Set side by side, if I don't take BIOS into account, the 450Mhz machine reaches textual login a good 10 seconds faster than the 2x2.0Ghz machine. 31 seconds and 42 seconds respectively.

This is not a question. It's just, I can't get my mind around how something that _should_ be eight times slower is actually noticeably faster in terms of boot time.
Obviously once both devices are fully booted, the new machine is much much faster.


----------



## DutchDaemon (Nov 13, 2009)

Doesn't the newer machine have lots more hardware that needs to be probed and recognised? Is there a big difference between [cmd=] dmesg -a | wc -l[/cmd] on both machines?


----------



## wlohman (Nov 13, 2009)

DutchDaemon said:
			
		

> Doesn't the newer machine have lots more hardware that needs to be probed and recognised? Is there a big difference between [cmd=] dmesg -a | wc -l[/cmd] on both machines?

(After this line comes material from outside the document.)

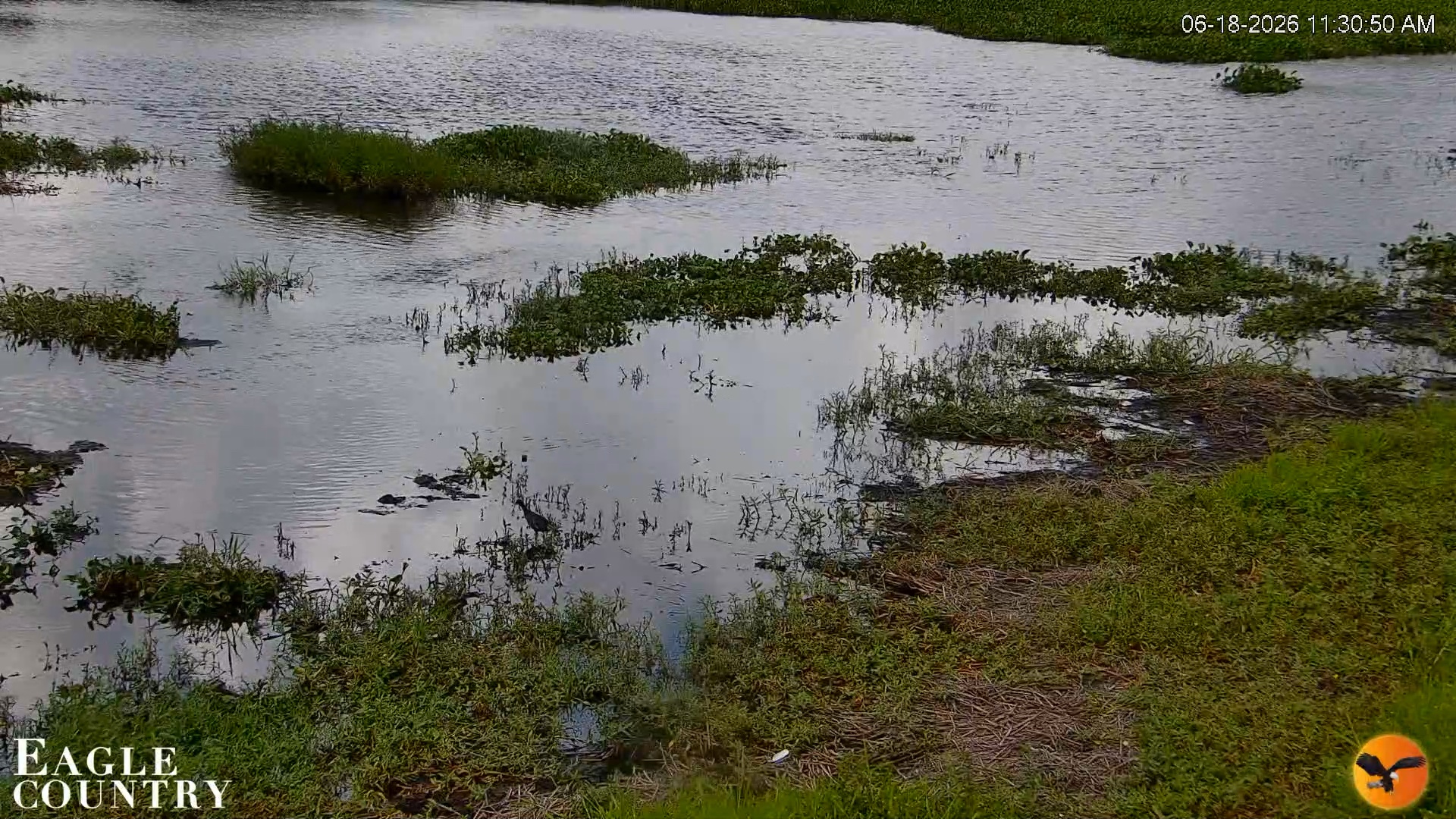 Snapshot of Southwest Florida River Wildlife Live Cams taken Jun 18, 2026, 11:31am EDT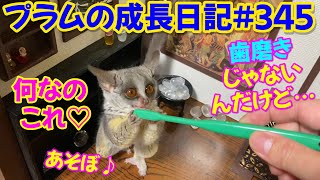 Bushbaby Plum's Growth Diary ショウガラゴ プラムの成長日記 #345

174 and 311 respectively, after a reboot.

Would that explain it? I know probing hardware takes time, perhaps more time than can be gotten back with CPU power? Because my thought was that the kernel probes the hardware in the early stage of the boot process. I'm not familiar enough with BSD to see exactly where during boot the kernel finishes loading and hands over control to init; where we reach filesystem level and I'd expect CPU power and a fast diskdrive to kick in and make a difference.


But observing the 450Mhz machine closely leads me to believe this point indeed is reached later in the process than I thought (and thus, hypothetically, doesn't do much to make up for the time it takes to probe).


Am I right to think that the moment the sequence displays the message: "Trying to mount root on blah" is the moment the kernel hands over control to init? Because that is indeed for my new machine relatively near the end of the sequence. And it would explain my observation :e


----------



## DutchDaemon (Nov 13, 2009)

init kicks in just slightly after that, I believe (it makes sure the disks are in a usable state before actually mounting them, so "Starting file system checks" should indicate init taking over). Not entirely sure.


----------



## fronclynne (Nov 20, 2009)

My laptop has a nice, long pause while it probes the card-reader for its ostensibly enumerated /dev/da0.  Also, I think that probing the possible sata devices adds a bit, since both machines will have the [p]ata bus probed in about the same time.

Then there's all the usb devices (I think I have 6 controllers in this machine, which seems a bit absurd).


----------



## Penel (Nov 20, 2009)

wlohman said:
			
		

> I still have my first laptop. It came with W98 at the time, and was specced like this: 450Mhz AMD, 32MB RAM and a 4GB HD. I added 128MB RAM later. This machine was never liked by Linux, but FreeBSD 7.0 felt right at home on the device.
> 
> My day to day machine is also a laptop, 2x2.0Ghz (Core2Duo), 1GB RAM and 80GB HD. This one has been running Slackware for years, but it now has FreeBSD 7.2 installed.
> 
> ...



My second machine I purchased in my lifetime was a custom built machine I put together.

-AMD Athlon 650 Mhz Slot A
-Asus K7V System Board
-1.5 GB SDRAM
-2 x 150 GB WD Drives in RAID1 with a Promise Technology SCSI Raid Controller
-2 x D-link 10/100 network cards
-Sound Blaster Live audio card
-VOODOO 3 graphics card
-2x CD Burner/Reader

My old machine is still running as if it were new. I just replaced the PSU with a new Enermax 450 Watt PSU, replaced the tower/case, & purchased a dvd reader. All the upgrades ran me about $100 CAD with taxes.

My 6 year old niece and 5 year old nephew now have their own computer they now use to learn various things I teach them on their computer.

Its running a custom compiled Linux 2.6.31 kernel. Its screaming fast. I wish someone had introduced me to Linux or Unix when I was 5 years old


----------